Elas estariam mais competitivas, compensando a valorização da moeda e tornando "estrutural" o superávit no comércio. Tranqüilizado por essas sábias palavras, parti para longa viagem. Ao voltar, levei um susto ao ler os títulos que me esperavam: "Forte deterioração comercial e cambial", "Aumenta o déficit em conta corrente".
Descobri espantado que, no primeiro trimestre do ano, a importação deu um salto de vara (42%), contra mero salto de altura da exportação (14%). O saldo comercial caiu 67% (de US$ 8,7 bilhões, em 2007, para US$ 2,8 bilhões, em 2008). As estimativas do saldo até o fim do ano variam. Comparados aos US$ 40 bilhões de 2007, o Banco Central projeta US$ 27 bilhões, enquanto o Iedi julga que só chegará a US$ 10 bilhões.
Não bastará para fechar as contas correntes, afundando sob o peso de déficit de US$ 14 bilhões em serviços, da remessa de uns US$ 24 bilhões de lucros e dividendos e outras saídas.
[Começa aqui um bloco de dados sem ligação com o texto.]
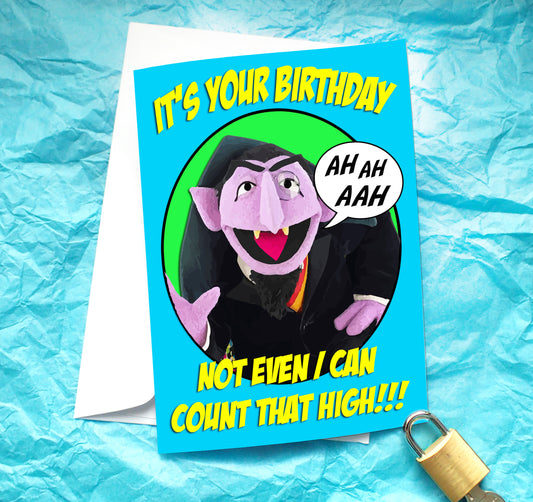 The Count Funny Birthday Card KimWestARt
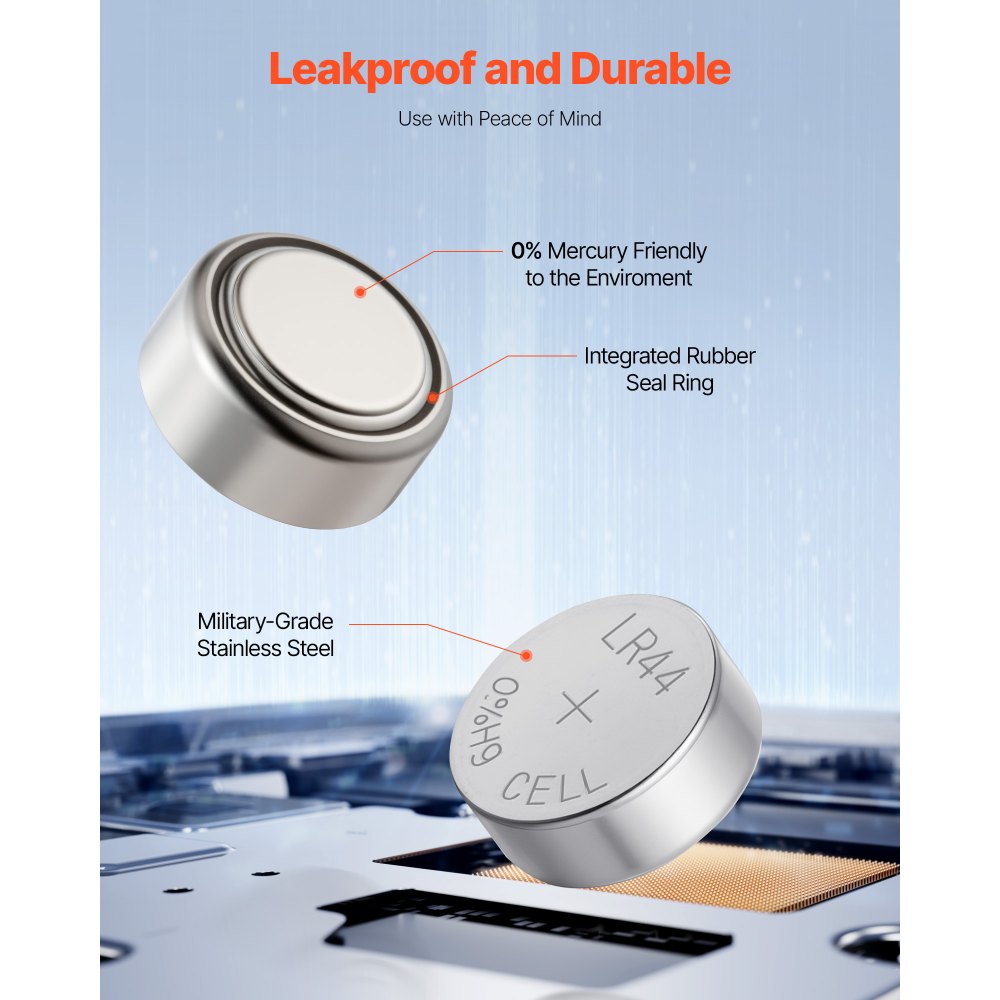 VEVOR Button Cell Battery, 4 Pack (40 Count) LR44 Alkaline Batteries Non-Mercury, AG13 357 303 SR44 Battery 1.5V Button Coin Cell Batteries for Remote Controls, Heart Rate Monitors, and Other Devices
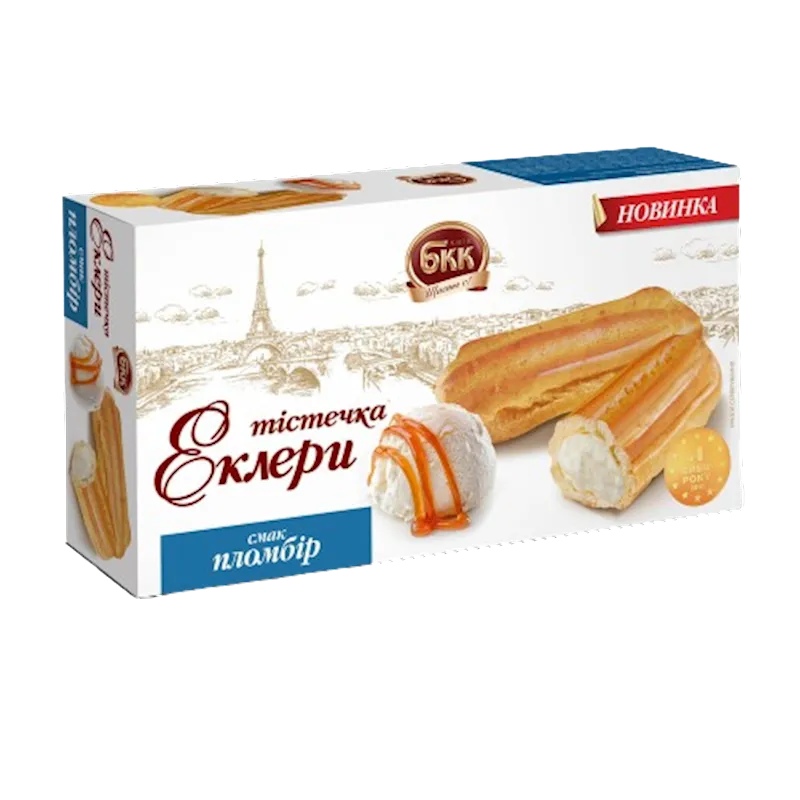 ECLAIRS VANILLA W/PLOMBIR FLAVOR 8/240GR BKK UKRAINE N4536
Resultado: o Banco Central reviu seu cálculo de déficit em conta corrente de US$ 3,5 bilhões para US$ 12 bilhões em 2008. De dezembro para abril, menos de quatro meses, houve pequeno ajuste para mais de "apenas" uns 350%! E isso em conjuntura de altos preços para commodities.
O secretário de Comércio Exterior (não é mais o mesmo) já não fala em "salto estrutural". Voltou à explicação da apreciação da moeda. Fiquei aliviado, pois desconfiei por momentos que, entre as leis econômicas que o Brasil estava revogando, figurava a definida por Mario Henrique Simonsen.
Com efeito, quando o jornal "Valor" publicou a pesquisa que o escolhia como o maior dos economistas brasileiros, não encontrei, em nenhum dos artigos que lhe foram justamente dedicados, alusão à sua famosa lei: a inflação aleija, mas o câmbio mata.
Ora, se a lei não foi revogada, a situação vai ficar preta com a iminente alta de juros e suas conseqüências: dólar despencando, saldo comercial encolhendo, déficit corrente engordando. Teremos de apostar em coisas incertas: commodities, China, socorro de mercado financeiro internacional cada vez menos líquido e mais avesso a riscos.
A melhoria dos nossos fundamentos nos protegerá, dizem. No entanto, essa proteção se resume, no fundo, ao nível das reservas. Estas, por sua vez, resultam de êxito que não se repetirá: o desempenho comercial recente. É pena, mas a mudança não era estrutural: alguns meses de câmbio torto bastaram para liquidá-la.